**Problem requirements**
Extract each line of the data below exactly as written.

[[ Exercise data open ]]

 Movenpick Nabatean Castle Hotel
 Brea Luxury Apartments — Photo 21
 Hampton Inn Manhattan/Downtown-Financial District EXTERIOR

[[ Exercise data closed ]]

**Answer**
 Movenpick Nabatean Castle Hotel
 Brea Luxury Apartments — Photo 21
 Hampton Inn Manhattan/Downtown-Financial District EXTERIOR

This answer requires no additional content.